“Fantastic Beasts: The Secrets of Dumbledore” exceeded my very low expectations but only marginally. The film was enjoyable but could have been a lot better, especially in comparison to its predecessors. While I could never really dislike a movie that dives back into the Wizarding World (I’ve adored the Harry Potter franchise since I was little), author J.K. Rowling is less than likeable and has opinions on matters outside her series are starkly different from mine.
The first five minutes of the movie surprisingly hooked me and managed to leave me teary-eyed. It began with the assembly of a team in a fashion akin to that of a heist movie. Following this scene, though, the movie took a nosedive. While the film had a talented cast, it was too abundant and scattered, leaving most characters without a proper arc. Newt Scamander hardly had any screen time, which is strange considering that he’s meant to be the main character.
The recasting of Gellert Grindelwald was jarring at first but turned out okay enough. The character was played by Johnny Depp in the previous two films but was recently recast to Mads Mikkelsen after a series of events involving Depp’s ex-wife Amber Heard that I heavily disagree with — but won’t get into here. Mikkelsen fit his new role as Dumbledore's past lover well and with his own unique talents, playing him in what is certainly a bit of fan service.

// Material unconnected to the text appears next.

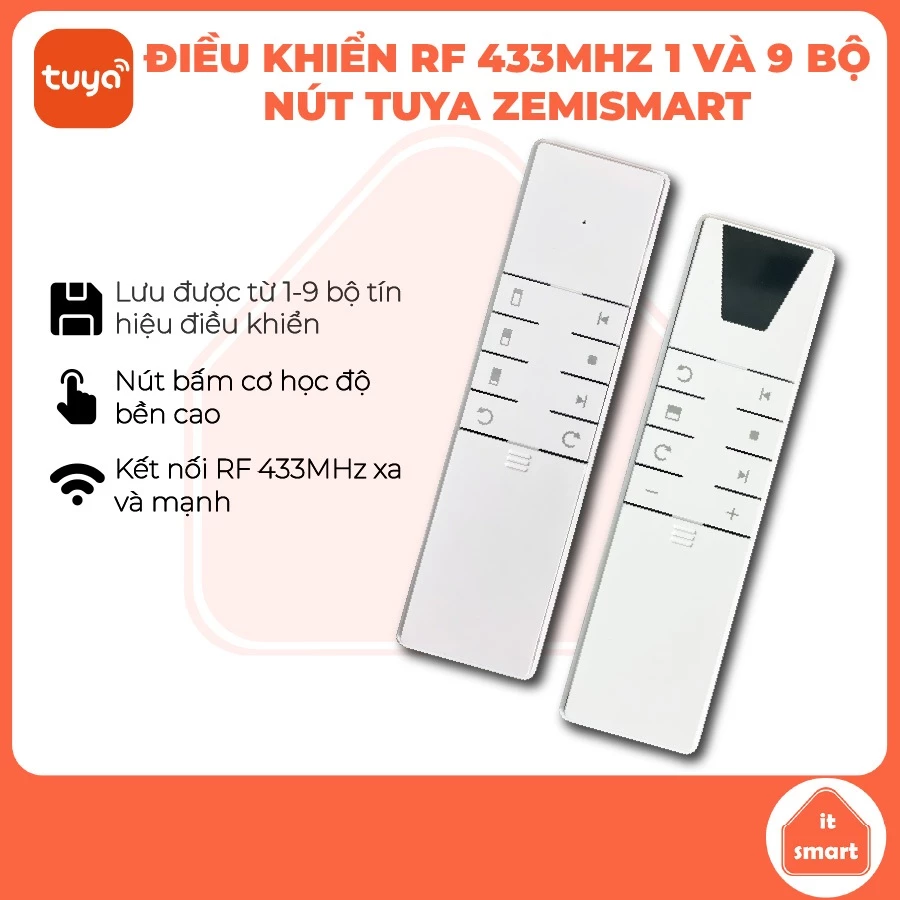Điều khiển rèm RF 1-9 kênh Tuya Zemismart thời lượng pin lâu, thiết kế tối giản
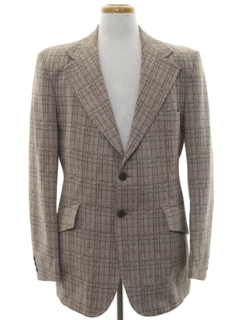 1970's Mens Plaid Disco Blazer Sport Coat Jacket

Casting aside, the film was advertised as another account of Newt and his travels with his fantastic beasts. However, there was a sheer lack of new species of beasts in this film. There are two new main beasts introduced: Ditto Qilin, a frankly adorable scaly deer creature who captured my heart (and was the reason behind many tears) and a cave full of creatures which I’m theorizing might have been Blast-Ended Skrewts.

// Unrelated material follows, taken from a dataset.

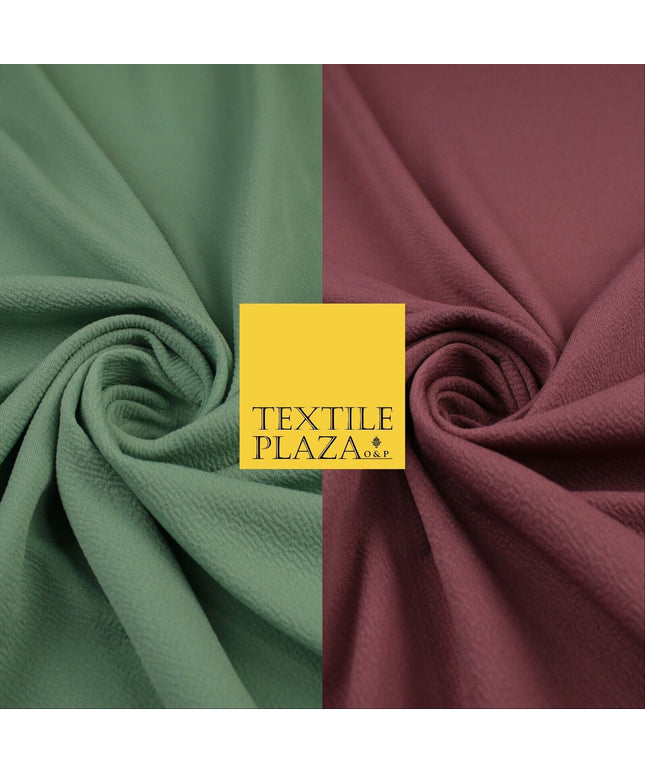 Sage Green / Rose Pink Premium Plain Bubble Crepe Dress Fabric 58"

Even with the distinct lack of new beasts, the scene with these (maybe) Blast-Ended Skrewts was most definitely the funniest scene from all three movies combined. Newt does a little dance, which includes an adorable hip wiggle, to survive the beasts, showcasing why I love his character so much. He is an awkward Hufflepuff (the best house and also my own house) who just wants to be allowed to find and help creatures. Instead, he keeps being pulled into Dumbledore’s convoluted schemes.
Near the end, the movie tries to tie up most loose ends while still leaving enough for what is seemingly meant to be two more films. This is where I think the franchise fails. Three movies would have been perfect, and this movie had the ideal setup to end the franchise. However, the ending made it seem like the directors forgot there were meant to be two more movies and went, “Oh wait, we can’t wrap this up quite yet” and ruined the end of it for me.

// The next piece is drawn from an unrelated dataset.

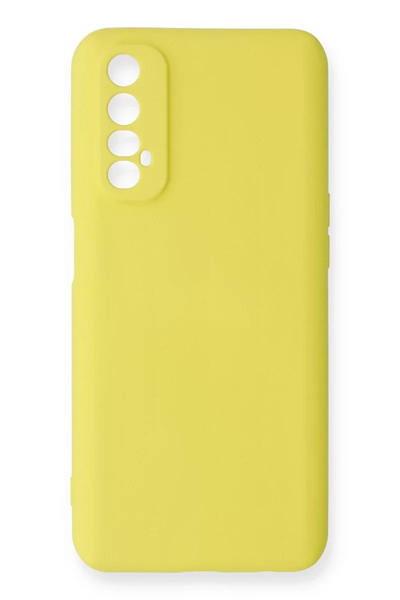 Realme 7 Kılıf Nano içi Kadife Silikon - Sarı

Complaints aside, I loved the pure nostalgia I felt while viewing the film. Returning to Hogwarts, magic, portkeys and even the wonder herself Minerva McGonagall popping up (they could even simply get rid of Dumbledore and give me only McGonagall) was such a joy to see on screen. I am a sucker for nostalgia, Easter eggs and callbacks to previous films, and this movie is filled with all three of them.
At the end of the day, “Fantastic Beasts: The Secrets of Dumbledore” had its triumphs and failings, but if you are looking to be transported back to the Wizarding World for nostalgia and fun, the film is perfect for you. If you are hoping for a solid plotline (or a lot of magical beasts) though, this one might be a skip.